С этими словами он разрядил два пистоля — один в старика, другой — в Костя.

Потом подскакал к упавшему ничком чародею и взмахом сабли снес ему голову. И только тогда пустил свою лошаденку в галоп.

Татары, слишком поздно смекнувшие, что к чему (а скорее, вообще ничего не понявшие и погнавшиеся за ним по привычке), конечно, не догнали беглеца. Спешно собрав награбленное, они ушли на юг и увели с собою пленных, оставив только обгорелые кости домов, остовы растерзанных людей, смрад, вонь — и Костя, который полз в своем изувеченном теле по улице и молил небеса о милосердии.

И волки да вороны, учуявшие легкую поживу, ждавшие, пока уйдут люди, принесли ему наконец долгожданный покой.



Глава девятая

ГОСПОЖА ХОЗЯЙКА

Дым от люльки пеленой застит глаза.

Вот опять… опять о главном не сказал.

И прощанье — паутиной на лице.

Понимание — приходит лишь в конце.

Это — дар до дыр затертый, это — бред.

Это мир, в котором места мне уж нет.

Седина на сердце, пыль чужих судеб

да всего два слова: «никогда», «нигде».

Крикну, выпрыгну из собственной души:

«Слышишь, Господи!.. — послушай, не спеши.

Я все понял, я… я знаю, как теперь,

я все наново… ты слышишь?!.. я… Поверь!..»

Только эхо. Только ржание коня.

Только снова похоронят не меня.

И как проклятый, шепчу молитвы стих,

где всего два слова: «Господи, прости!..»

Он простит. Простит…

Прощу ли я себя?

Рана оказалась глубокой, кровь долго не желала останавливаться и все текла, хотя бы тоненькой струйкой, но текла, неугомонная. Ну, перевязали как-то, Андрий нашептал на рану; остановилась.

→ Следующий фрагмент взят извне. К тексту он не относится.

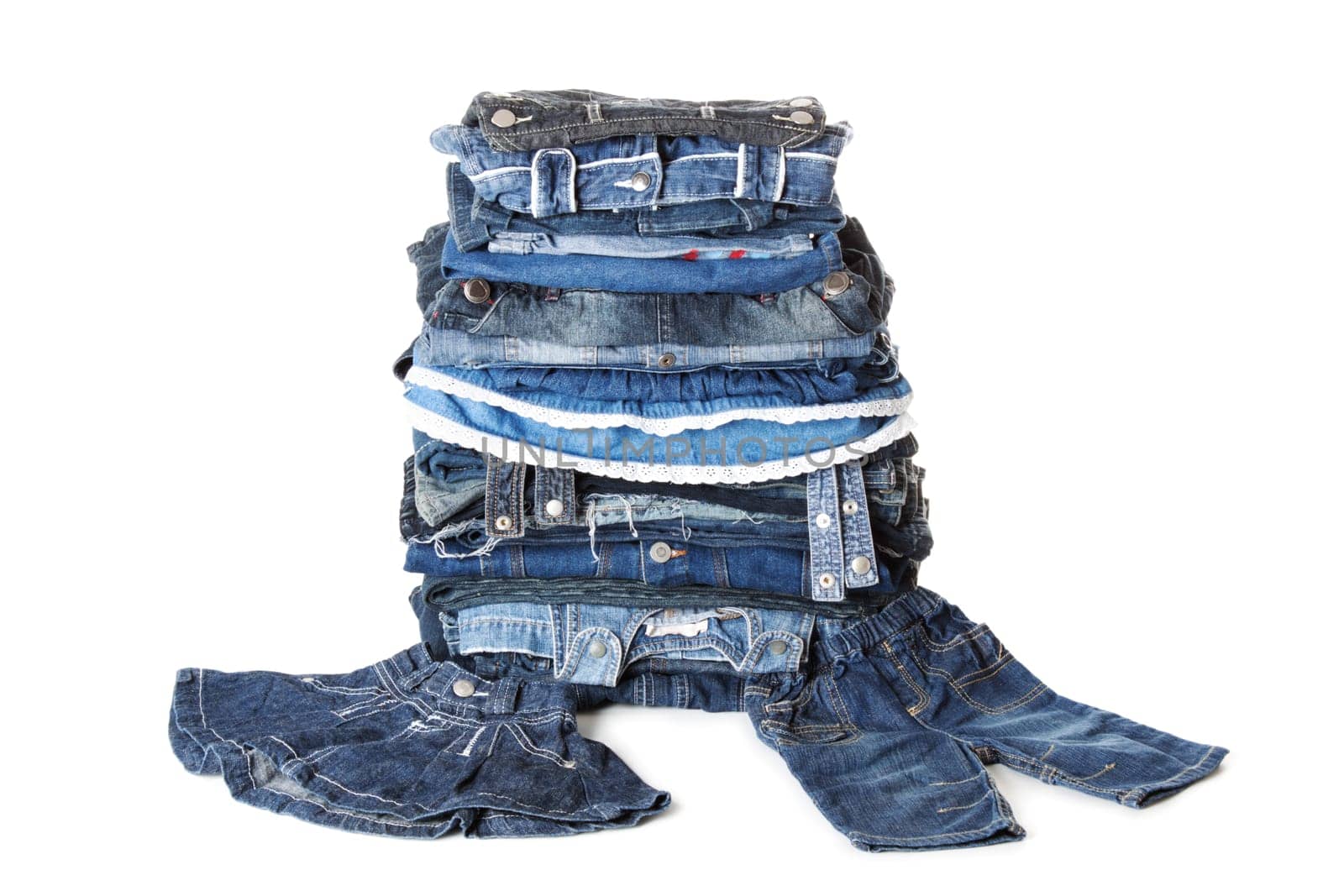 Blue pile of jeans clothes. Also skirt for little girl and pants of a boy. Isolated over white background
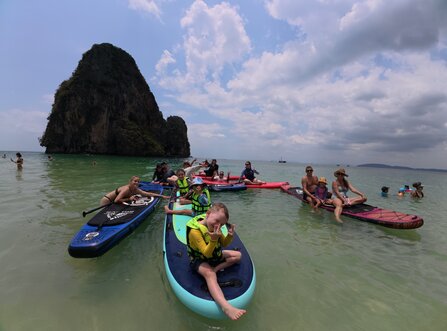 Group of adults and children relaxing on paddleboards near a limestone island at Railay Beach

— Мы снова в Вырие, — полувопросительно молвил Степан. — Слушай, а что, это так легко — туда-сюда скакать?

— Легко только крысы плодятся, — отшутился Андрий. — Ты про Родники слыхал когда-нибудь?

— Да я и про Вырий-то не особо… — потупился вовкулак. — Мирон… помнишь, я тебе о нем рассказывал — кобзарь, который меня учил? — вот он иногда о таких вещах говорил, так я ж тогда был лопоухий и жизнерадостный, оно мне сто лет не нужно было. В одно ухо влетало, из другого выскакивало.

— Ладно, понял. Вот что — давайте-ка сперва отъедем подальше отсюда, а потом, если захочешь, я расскажу о Родниках.